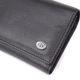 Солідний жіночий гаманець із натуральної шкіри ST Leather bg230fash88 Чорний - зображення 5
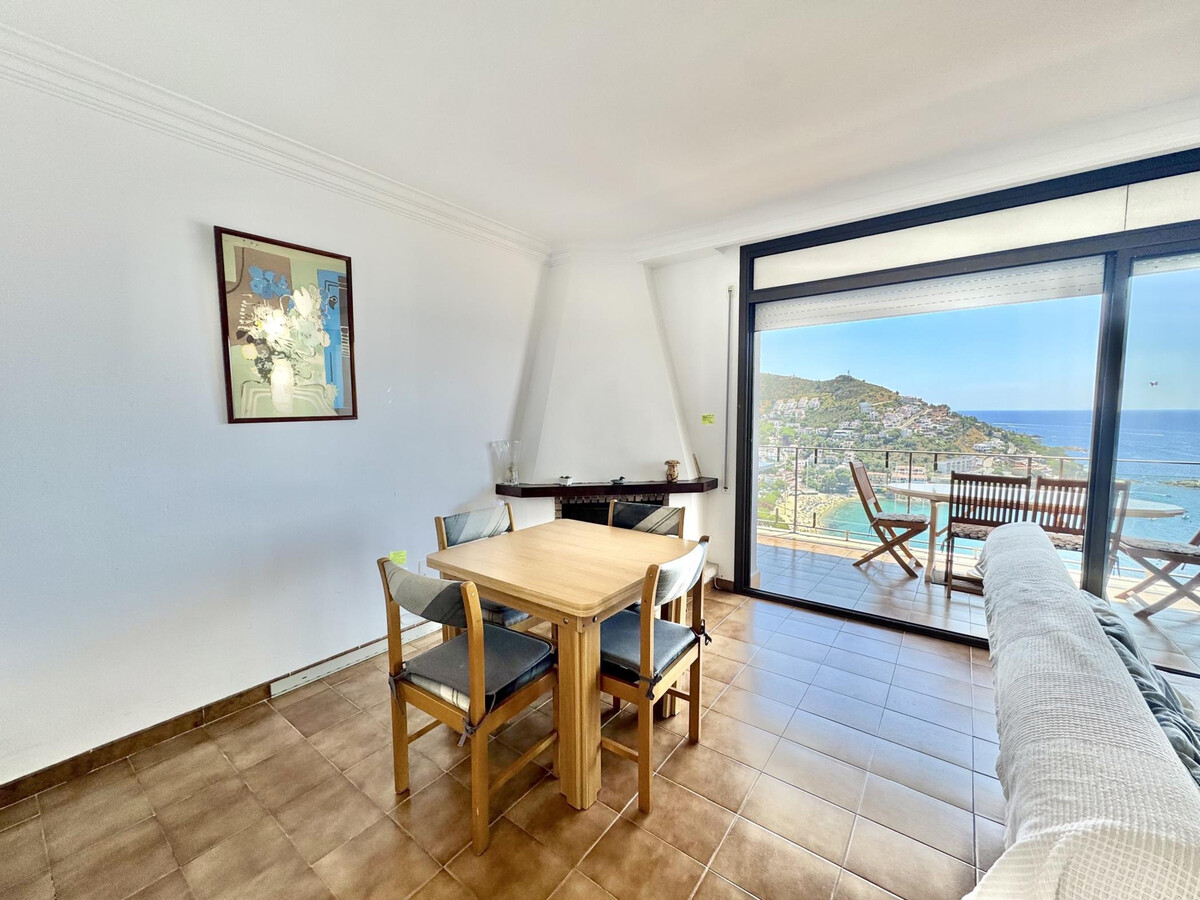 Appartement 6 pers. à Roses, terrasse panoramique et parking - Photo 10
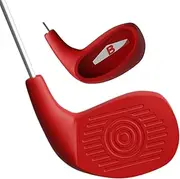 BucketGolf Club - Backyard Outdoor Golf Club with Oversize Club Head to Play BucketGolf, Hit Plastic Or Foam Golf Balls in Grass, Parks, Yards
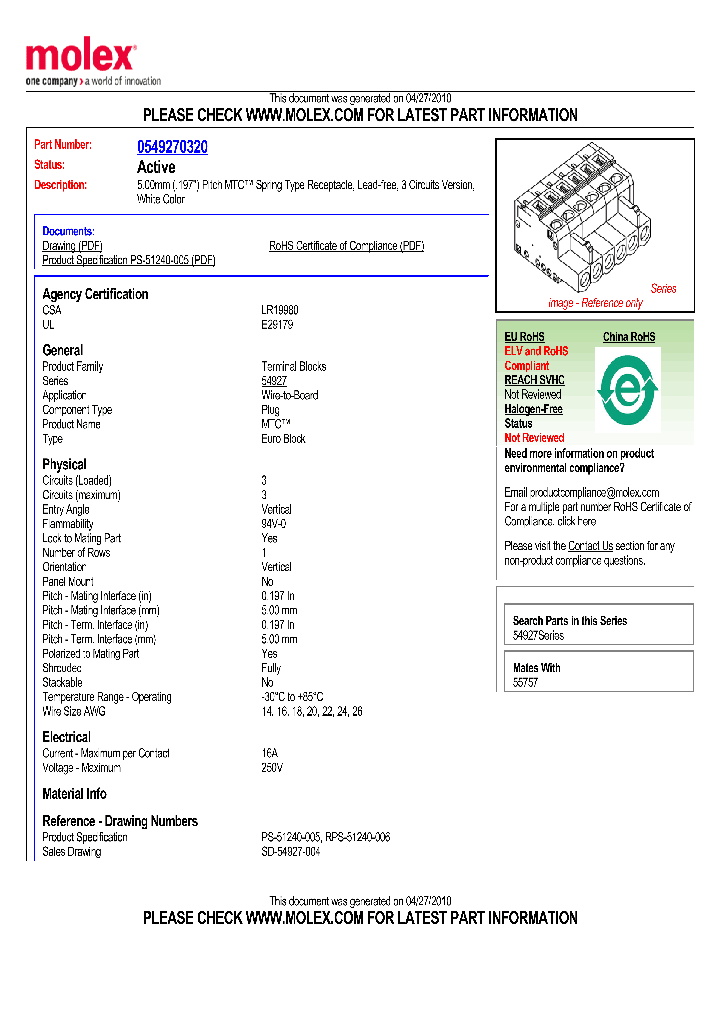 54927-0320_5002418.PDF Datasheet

_YOUR OBJECTIVE_: In the listing above, retype exactly, and only, the lines from the one containing "Appartement 6 pers." through the last line, both included. Omit the pictures.

_ANSWER SECTION_:
 Appartement 6 pers. à Roses, terrasse panoramique et parking - Photo 10
 BucketGolf Club - Backyard Outdoor Golf Club with Oversize Club Head to Play BucketGolf, Hit Plastic Or Foam Golf Balls in Grass, Parks, Yards
 54927-0320_5002418.PDF Datasheet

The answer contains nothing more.